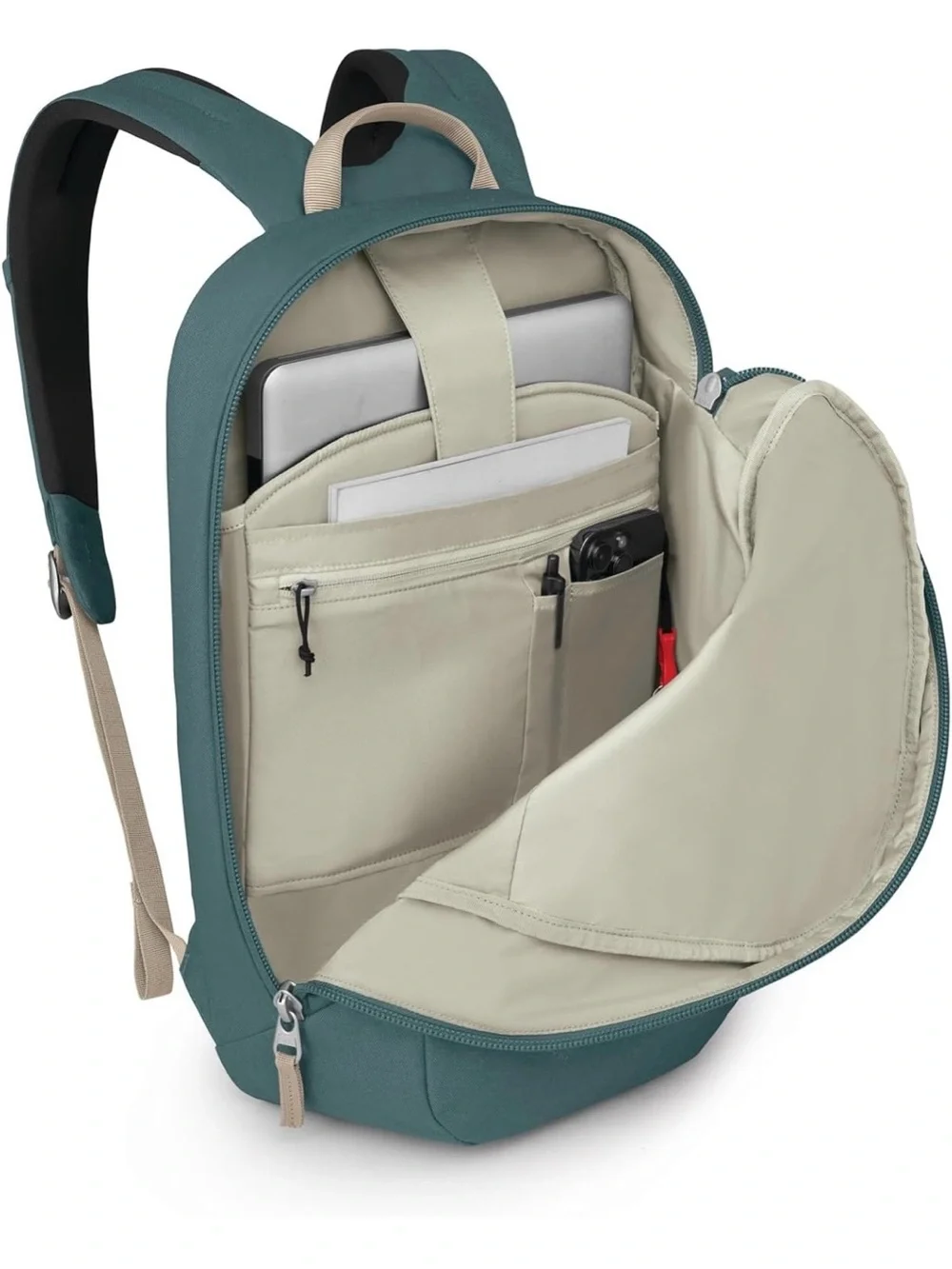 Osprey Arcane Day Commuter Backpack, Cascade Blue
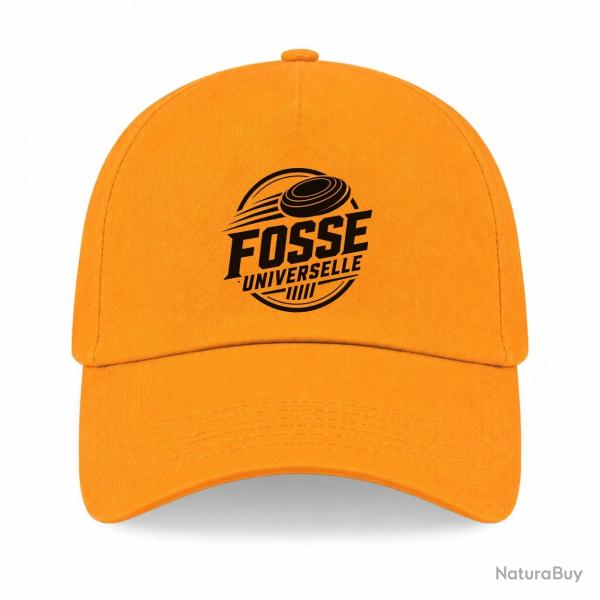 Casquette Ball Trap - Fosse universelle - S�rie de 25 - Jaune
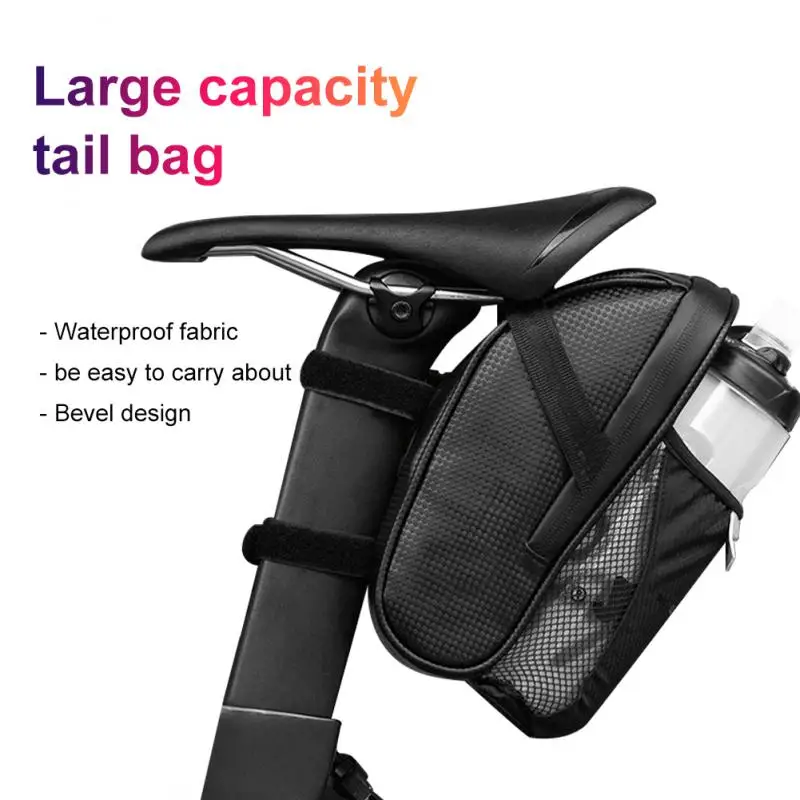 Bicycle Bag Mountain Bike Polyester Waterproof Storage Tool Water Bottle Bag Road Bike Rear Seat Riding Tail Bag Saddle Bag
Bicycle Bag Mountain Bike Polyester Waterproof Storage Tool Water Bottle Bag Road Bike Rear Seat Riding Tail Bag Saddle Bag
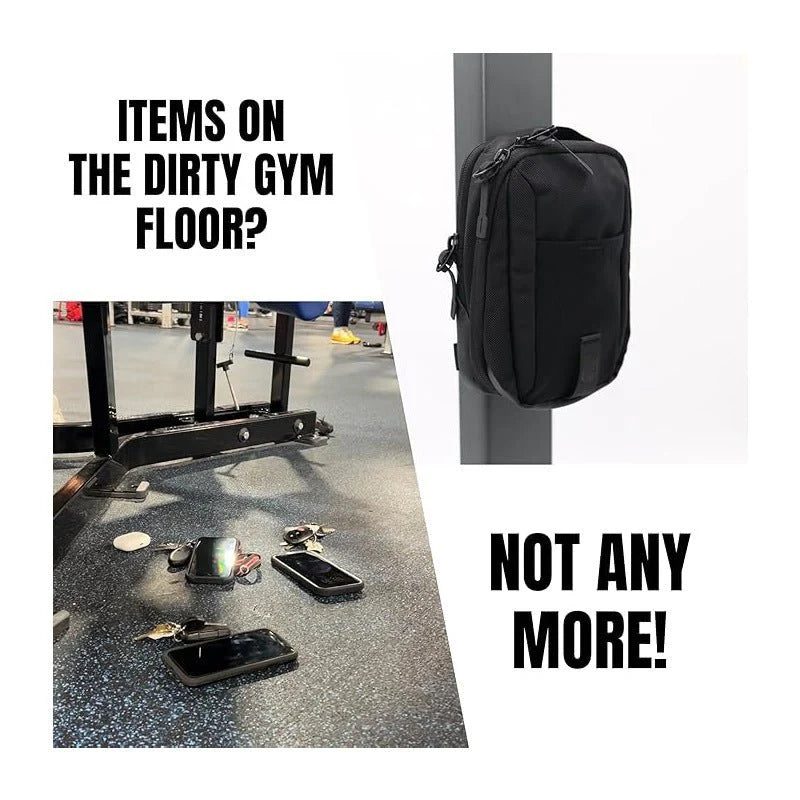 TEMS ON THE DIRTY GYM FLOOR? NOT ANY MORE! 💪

++++

**Problem to work on**
Your answer is all of the records restated word for word, pictures excluded.

**Written solution**
 Osprey Arcane Day Commuter Backpack, Cascade Blue
 Casquette Ball Trap - Fosse universelle - S�rie de 25 - Jaune
 Bicycle Bag Mountain Bike Polyester Waterproof Storage Tool Water Bottle Bag Road Bike Rear Seat Riding Tail Bag Saddle Bag
Bicycle Bag Mountain Bike Polyester Waterproof Storage Tool Water Bottle Bag Road Bike Rear Seat Riding Tail Bag Saddle Bag
 TEMS ON THE DIRTY GYM FLOOR? NOT ANY MORE! 💪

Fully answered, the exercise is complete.